A few things have been troubling me recently. Do I teach too much stuff? Is teaching on my course too didactic? Am I over-reliant on knowledge transfer and passive learning? Do my students forget everything they have learnt on the course once they have sat their written formal exams? Are my students’ BSc/MSc marks not reflective of their ability/knowledge/skills at graduation? I’m going to go with the answer of ‘probably not’, just for now, despite negative comments about what is my preferred teaching style.
I have discussed a couple of major studies on active learning vs. passive learning in STEM subjects in my blog here and here. Despite these rather critical post-publication peer reviews, I am certainly not against what are described as ‘active learning’ approaches. The MSc course that I run has no more than 30% of the marks awarded from formal written exam based around ‘scientific lecture content’. This is very low for the sector, so on the face of it not overly traditional. There is extensive problem-based learning, laboratory work, lab-reports, group assignments, presentations and written essays, professional skills and project work, much of which consolidates learning of lecture content. However for the ‘formal taught scientific content’ parts, I do still tend to give 2 hour lecture sessions, where I am talking for anything up to 80% of the time. When I am not talking, I am encouraging some active learning by asking questions, a bit of peer-instruction here and there, debating, doing the odd quiz, getting students to answer questions embedded in the lecture notes and sometimes testing prior knowledge before I have even started talking. Typically I upload all lecture materials and support reading prior to sessions onto the VLE so students don’t arrive ‘cold’, and can attempt some activities prior to the session. These ‘active learning’ activities within the formal lectures do seem (anecdotally I admit) to encourage learning within the session, and also highlight to me misconceptions due absence of required prior knowledge, or just things that I just haven’t explained very well.
So if these ‘active learning’ sessions are so useful in my lectures, why not do the full 2 hour session using this manner? Flipped classroom teaching has been proposed by some, whereby lectures are pre-recorded and watch prior to the session, leaving the full lecture time free for discussion. Others propose discovery learning and problem-based learning, which promotes deeper understanding than passive learning. For me, the problem with 100% ‘active learning’ approaches comes down to content. Yes, there is lots of it in Bioscience, and the lecture is efficient in this regard. However within STEM subjects, I am slightly troubled by the end-point of many discussions whereby the proposal is to decrease content in favour of depth of learning. It’s not that my students’ answers in exams are superficial. The best of them already give very deep, reasoned, well-though-out answers that are at times really testing the tutors’ own knowledge. I really don’t see broad superficial learning from those at the top. However follow any educational conference or L&T Twitter discussion and you will perpetually hear the following negative remarks:
‘the answer (for active learning approaches) in many cases is to cut out huge swathes of content‘ Narrative: Too much content
‘try cutting out stuff and everyone suddenly has a vested interest’ Narrative: Too much content, much irrelevant
‘reduce content as this will promote deeper approaches’ Narrative: Too much content, specialise in fewer areas
‘Handing out lecture notes = admitting there is a problem with the lecture’ Narrative: too much content to remember in lecture session
‘if you believe that lecturing is simply the transfer of information then you will soon be out of a job’ Narrative: Lectures (and lecturers) are rubbish
All of these comments are from discussions of active learning and technology-enhanced learning approaches over more traditional approaches. Probably the most concerning is the notion that these active learning approaches are ‘better’ when we need to cut out vast amounts of content for them to be properly implemented. If 100% active learning approaches cannot deliver the required content to the same learning outcomes, then is it necessarily ‘better’ than a predominantly traditional-based or mixed active-traditional approach, or just different? Do we need to amend the learning outcomes to make the method of delivery ‘fit’?

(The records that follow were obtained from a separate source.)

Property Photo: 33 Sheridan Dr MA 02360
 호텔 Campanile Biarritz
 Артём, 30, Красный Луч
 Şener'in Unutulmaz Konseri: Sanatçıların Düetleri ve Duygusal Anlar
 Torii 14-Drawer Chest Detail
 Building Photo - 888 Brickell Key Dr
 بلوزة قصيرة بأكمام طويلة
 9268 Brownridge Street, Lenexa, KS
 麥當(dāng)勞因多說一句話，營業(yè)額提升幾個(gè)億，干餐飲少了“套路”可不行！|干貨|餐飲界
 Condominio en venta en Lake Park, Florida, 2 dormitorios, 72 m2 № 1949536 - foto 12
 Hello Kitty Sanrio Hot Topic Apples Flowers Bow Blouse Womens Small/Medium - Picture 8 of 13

Let’s put it another way. If my manager asked me to cut out half of the content from my course to make it ‘easier’ for some weak international students to get a ‘deeper understanding’ of specific topic areas, I’d consider this to be dumbing down, and rightly so. Recent events at Anglia Ruskin highlight the potential for falling foul of the QAA on precisely this matter. This case highlights the importance of tightly adhering to validated learning outcomes of nothing else. If I did the same, and reduced half of my content but used 100% active learning approaches throughout all of my sessions as the reason, I’d probably get promoted into the faculty L&T team for it. And there lies a problem.
So, the question is: Do we deliver too much ‘taught scientific content’ in STEM? If we don’t, then deliver all sessions by whatever methods work well for you, be it 100% active learning, traditional lecture, or in my preference of a lecture with some active learning ‘nuggets’, and continue to assess to the same standards as existing courses at similar institutions. If we do genuinely deliver too much content, then cut it down, and fully justify that decision based on comparisons with similar established courses at similar institutions. However cuts to an existing course curriculum should not be for the sole reason that it doesn’t fit with our new preferred pedagogy.